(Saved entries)
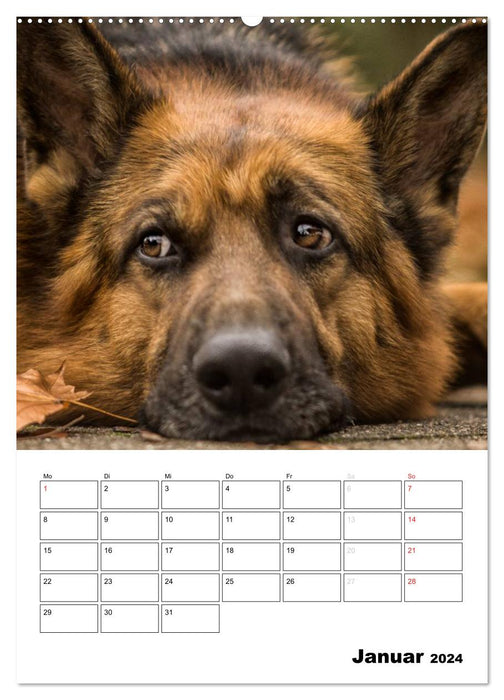 Hundeleben Schäferhund (CALVENDO Premium Wandkalender 2024)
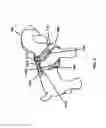 Fig. 07 - Non-choking harness for pet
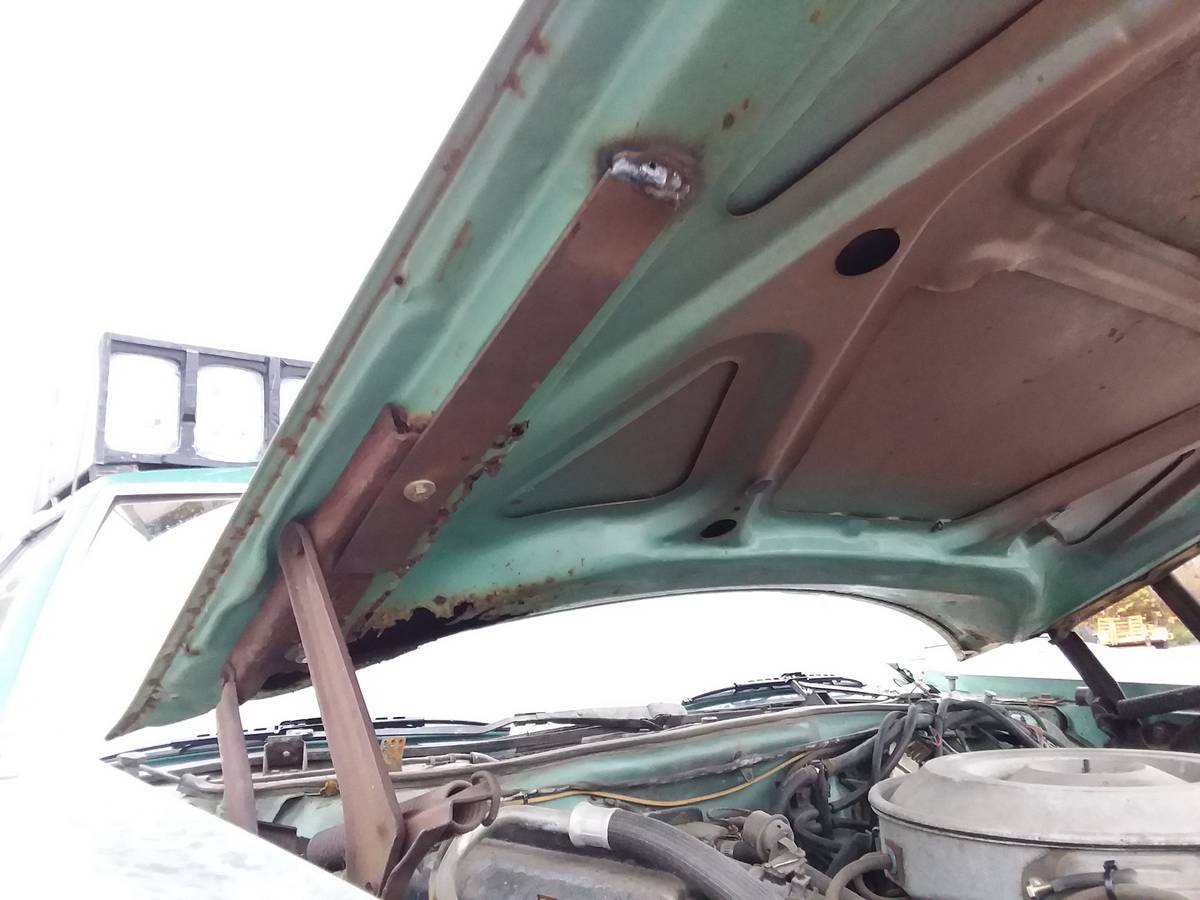 Ford-thunderbird-1979-green-4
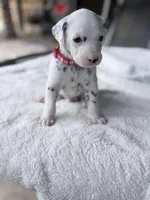 Red, a male Dalmatian for sale in Conroe, TX – Photo 1 of 4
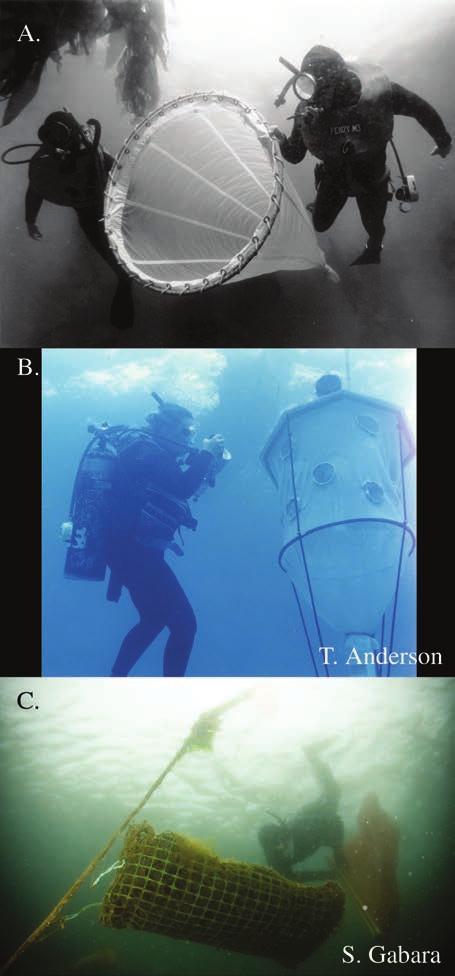 number 39 161 FIGURE 2. Devices for collecting larvae using scuba. (A) Plankton nets, (B) light traps, and (C) SMURFs (see text).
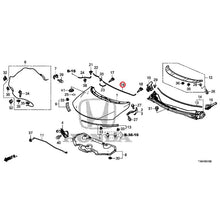 Load image into Gallery viewer, [NEW] JDM HONDA JADE FR5 2019 Hood GENUINE OEM
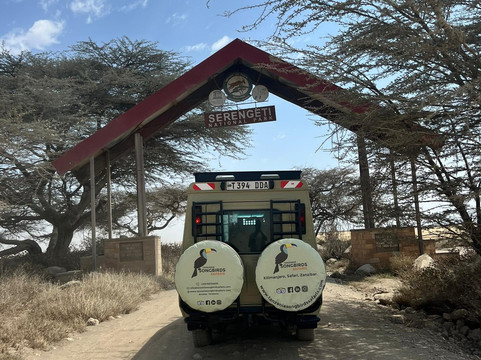 Tanzania Songbirds Safaris-阿鲁沙必去景点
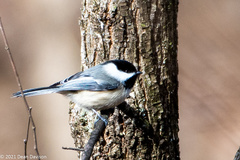 Poecile atricapillus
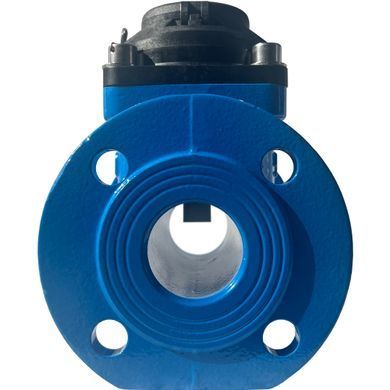 Счётчик воды ирригационный Apator Powogaz WI (Q3 30) Ду 50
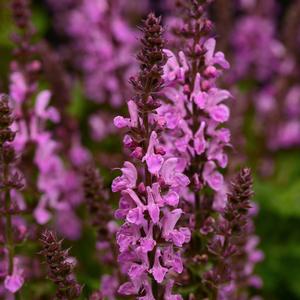 Salvia nemorosa 'Rose Marvel'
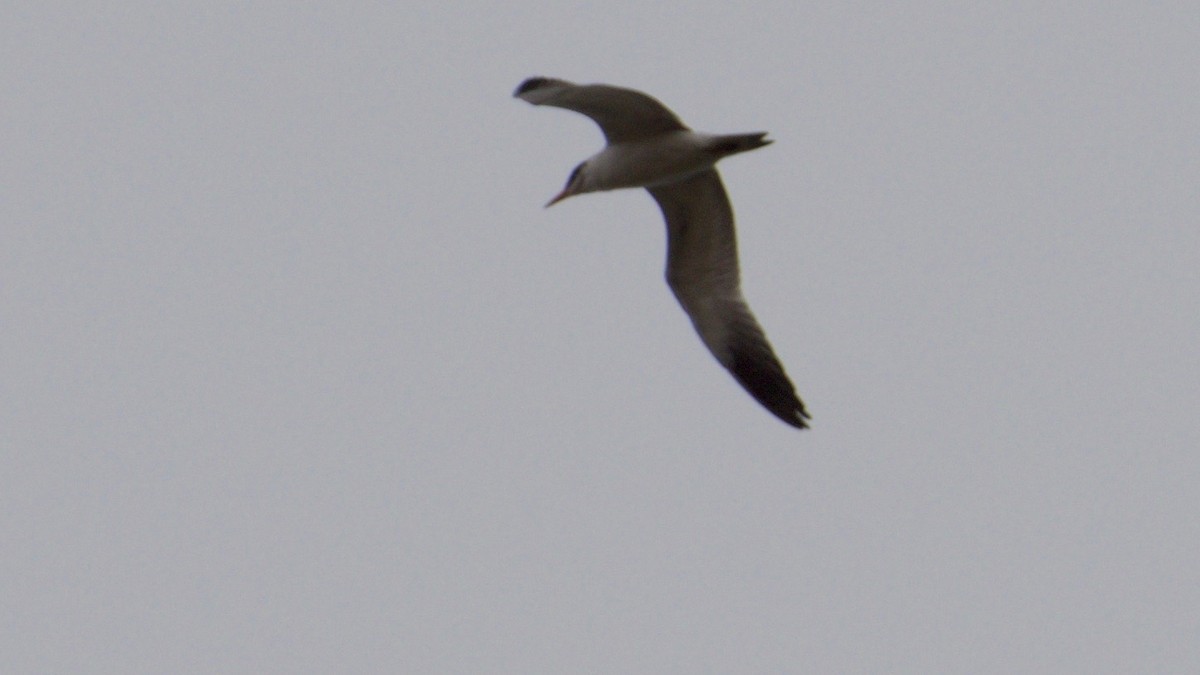 Caspian Tern - W. Douglas Robinson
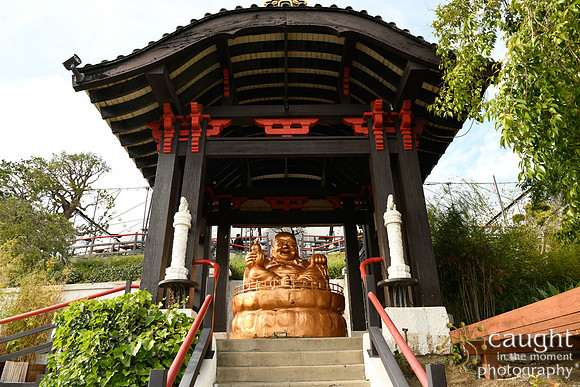 006 Brown Wedding at Yamashiro Hollywood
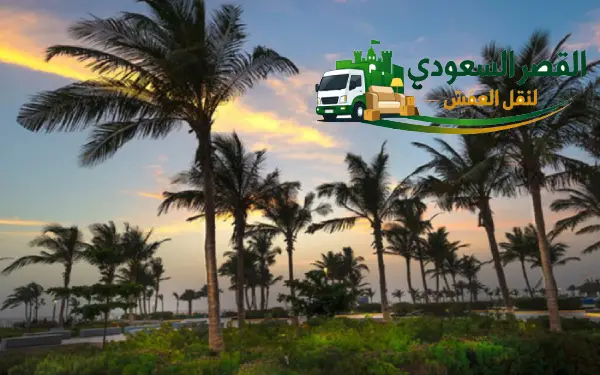 نقل عفش حي النخيل جدة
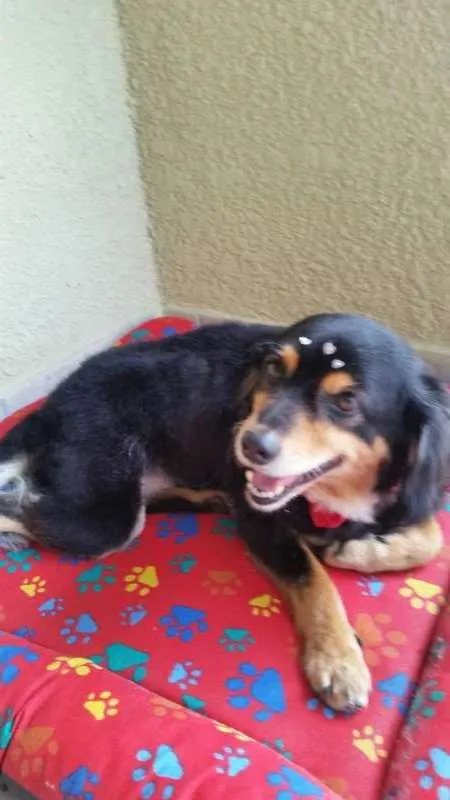 Cachorro ra a Dachhund peludo com SRD idade 5 anos nome Não Sei 
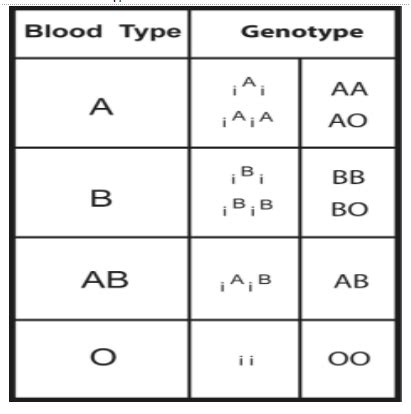 The Abo Blood Types Are Named For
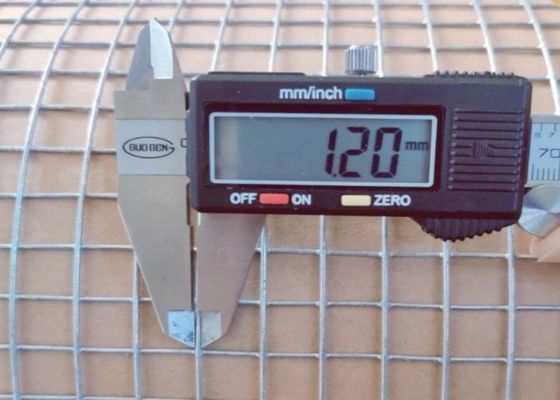 Rete metallica elettrosaldata zincata con lunghezza rotolo 50M e larghezza 0,5m per recinzioni animali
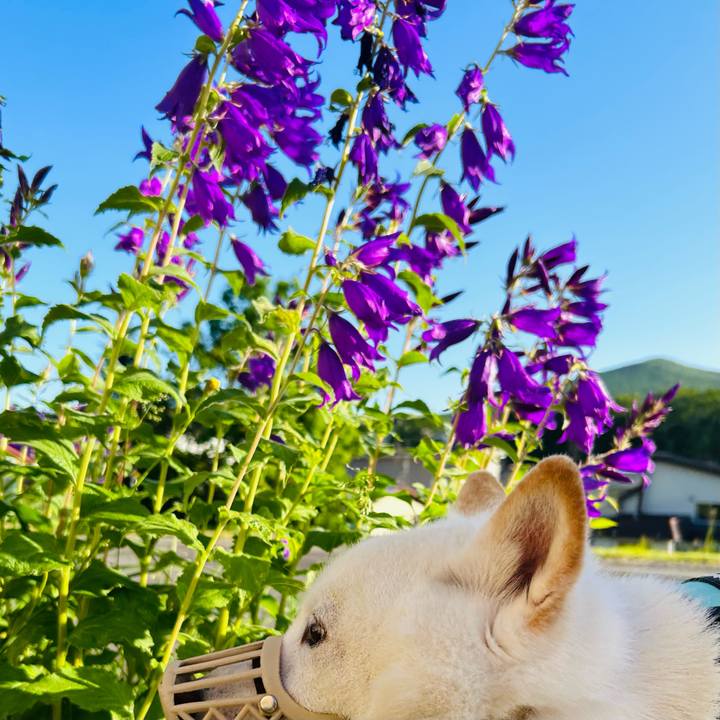 Ff09820c 209a 4ecb 9f1d 8f8b2b1f0205 1687381444051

* _Exercise objective_
Transcribe exactly the lines that run from the first line of the records above through the line with "نقل عفش حي النخيل جدة", and include both of those lines; pictures stay out.

* _Reply to the exercise_
 Hundeleben Schäferhund (CALVENDO Premium Wandkalender 2024)
 Fig. 07 - Non-choking harness for pet
 Ford-thunderbird-1979-green-4
 Red, a male Dalmatian for sale in Conroe, TX – Photo 1 of 4
 number 39 161 FIGURE 2. Devices for collecting larvae using scuba. (A) Plankton nets, (B) light traps, and (C) SMURFs (see text).
 Load image into Gallery viewer, [NEW] JDM HONDA JADE FR5 2019 Hood GENUINE OEM
 Tanzania Songbirds Safaris-阿鲁沙必去景点
 Poecile atricapillus
 Счётчик воды ирригационный Apator Powogaz WI (Q3 30) Ду 50
 Salvia nemorosa 'Rose Marvel'
 Caspian Tern - W. Douglas Robinson
 006 Brown Wedding at Yamashiro Hollywood
 نقل عفش حي النخيل جدة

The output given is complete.